Touré, a journalist and host of  “The Cycle” on MSNBC, came to campus on April 1 to discuss the media’s role in the ongoing battle for civil rights.

Touré is the author of “Who’s Afraid of Post-Blackness?: What It Means to be Black Now” and “I Would Die 4 U: Why Prince Became an Icon.” He was nominated for an NAACP Image Award for Outstanding Literary Work of Non-Fiction in 2012 for “Who’s Afraid of Post-Blackness?”

Sponsored by the Office of Diversity, SUAAB, Meteor Theater, the School of Arts & Humanities and the Multicultural Center, the event began with an opening address on what civil rights means in today’s society, while also touching on the various protests and movements of the past that gave way to the liberation of different oppressed groups.

“This has been a critical battle in the history of America: the tension between being the great democratic nation that we think we are and the strangling power of these straight, rich, white men who have controlled this nation since the beginning,” Touré said.

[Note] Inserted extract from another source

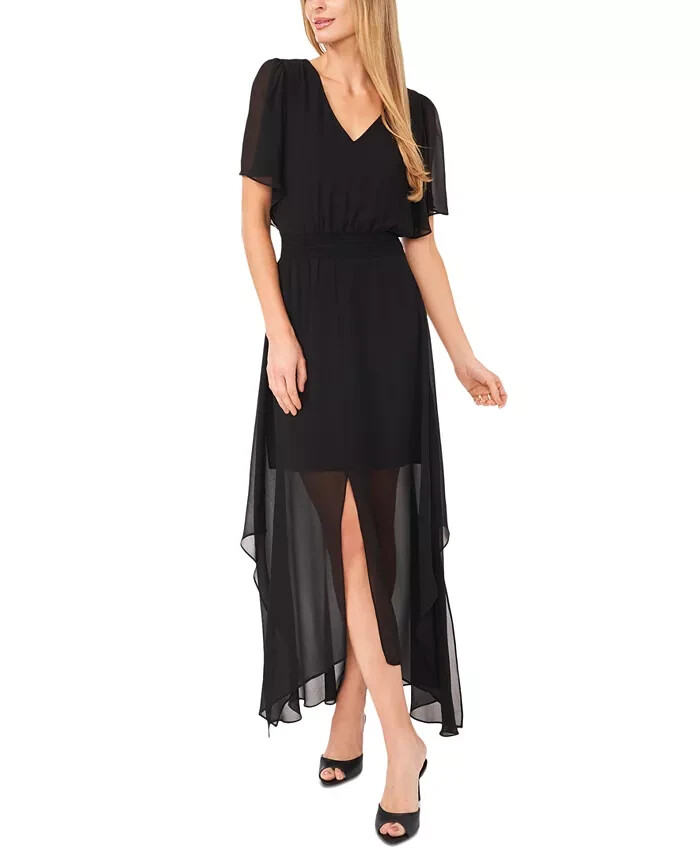 CeCe Women&rsquo;s Smocked Waist Flutter Sleeve Midi Dress Black XS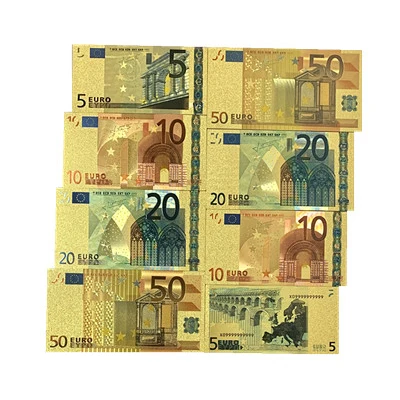 High quality foil plastic collection gift waterproof euro banknotes 24k gold 1000 euro banknote with opp bags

He also discussed how the media —specifically television— prevented protests and civil rights violations from going unnoticed. He said television made the events covered visceral and immediate, creating a sense of severity and urgency in the viewing population.

“Television has been a key driver in all these movements because discrimination can survive in silence,” Touré said. “If we don’t shine a light on those things, they are able to persist. Silence aids and abets the status quo.”

Following Touré’s remarks, Cinematheque presented a compilation of videos from various civil rights movements. The short documentary covered the African American, Chicano, Native American, Women’s, LGBTQ and Arab Spring movements, highlighting the role the media played in giving a voice to those who, at the time, had none.

After the video, Touré sat before the audience and fielded questions.

Touré engaged the audience in a frank, open discussion about race, often touching on more current examples of civil rights protests. He briefly spoke on the events that occurred in Ferguson recently and issues the United States has had with Boko Haram and ISIS.

He often drew these topics back to the way media reframes and delivers news to the general public. For example, when the protests in Ferguson occasionally grew violent, he stressed the importance of keeping the context of the events in mind.

“Sometimes to get heard, you have to burn something down,” Touré said. “I’m not saying they should have done it, but would media have been continued to be there if it hadn’t been violent?  I don’t know.”

As an example, he cited Malcolm X, who drew criticism for his militant remarks and was often compared to Dr. Martin Luther King Jr.

Whether the instances of civil rights violations are based on race, gender, sexuality or income, Touré gave a call to action for all people to consolidate their protests and work together to eliminate injustice wherever it crops up in society.

“Civil rights, as I see it, is about protecting rights wherever they might be deprived over demography,” Touré said. “If all Americans are born with unalienable rights, then why would we allow so many people’s rights to be constrained because they happen to be black or gay or female?”